# Heads and Cam ordered!



## 06GTO (Sep 14, 2006)

yes fellas, I ordered a set of heads and cams for my Goat!


----------



## pickinfights (Oct 3, 2006)

Good job.


----------



## EEZ GOAT (Jul 9, 2005)

06GTO said:


> yes fellas, I ordered a set of heads and cams for my Goat!


what will you be putting down and what other mods you have?


----------



## 06GTO (Sep 14, 2006)

pickinfights said:


> Good job.


Thanks.


----------



## 06GTO (Sep 14, 2006)

EEZ GOAT said:


> what will you be putting down and what other mods you have?
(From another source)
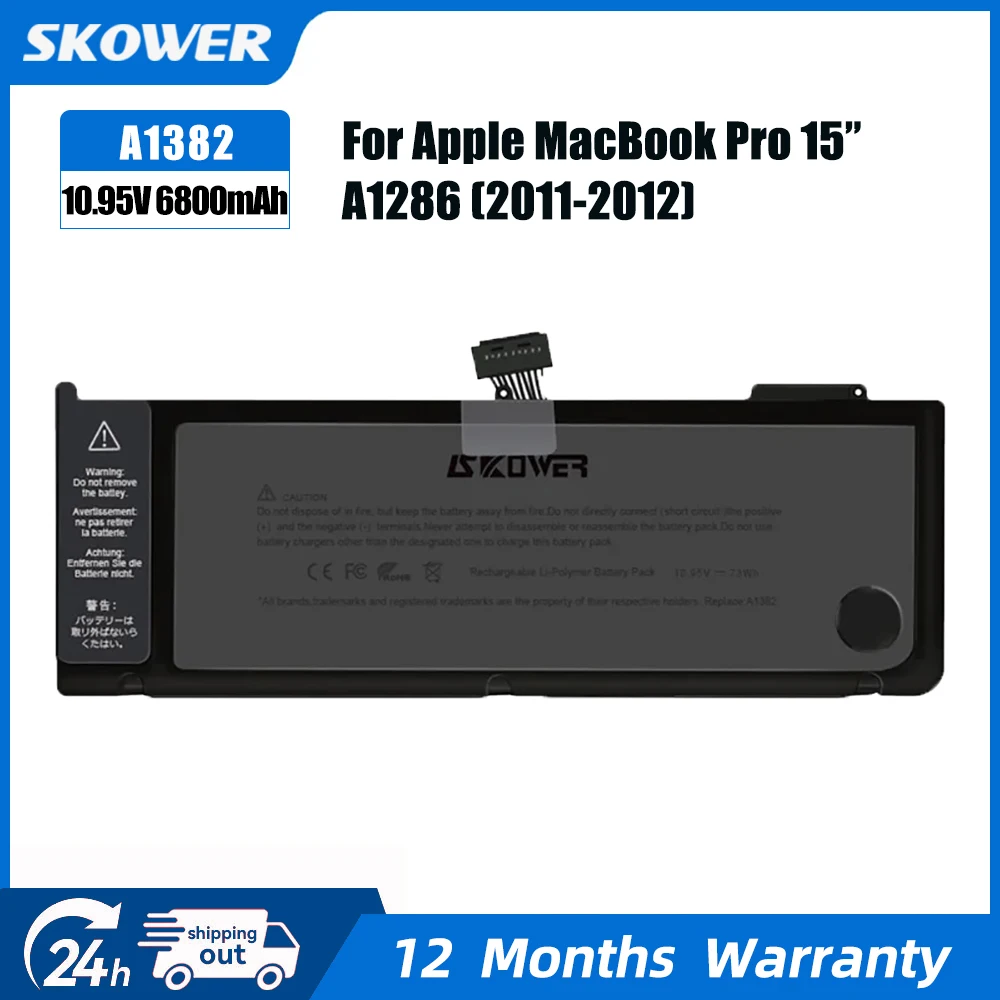 SKOWER Batería para portátil Apple MacBook Pro 15 pulgadas A1286 2019-2012 A1382 A1321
I don't know yet, and I hate to speculate about figures, after tuning I will post the dyno results( still 3 weeks for parts to be deliver)
My current mods are in my sig pic!
Thank You for your interest


----------



## Route 66 (May 30, 2005)

And you ordered.......?????????


----------



## 06GTO (Sep 14, 2006)

I ordered Kooks 1 7/8's headers with catted midpipes, Trickflow 225 heads, and a 232 Comp Cam.


----------



## Route 66 (May 30, 2005)

Sweet! Good start on making that 500rwhp. Thats a tuff # to make. Im guessing you'll get 450+ pretty easily. Good luck! :cheers


----------



## 06GTO (Sep 14, 2006)

Route 66 said:


> Sweet! Good start on making that 500rwhp. Thats a tuff # to make. Im guessing you'll get 450+ pretty easily. Good luck! :cheers


I agree with you, I think 450 is doable, dyno will tell!
Then will be a matter to see how to reach the target, without underdrive pulley, or a monster cam.
Its a daily driver, so I don't like to kill the driveability.
Time will tell, but it will fun no doubt!


----------



## Guest (Feb 27, 2007)

Route 66 said:


> Sweet! Good start on making that 500rwhp. Thats a tuff # to make. Im guessing you'll get 450+ pretty easily. Good luck! :cheers


not when you have a whippled cobra its as easy as 123 listen the gto is sorta cool atleast the 05's and up are....... but if you wanna run with the big dawgs buy a 2003 cobra like me:cool


----------



## SnKGoat (Nov 21, 2006)

*Hey!?!*

Who let the Stang guy in? Where is 04Stangkiller when you need him? :lol:


----------



## Silver Bullet (Aug 3, 2006)

03bloodredsnake said:


> ....... but if you wanna run with the big dawgs buy a 2003 cobra like me


Honestly, you will never run with the big dogs... how about you try breaking the land speed record thenmaybe you won't be talking out of your ass


----------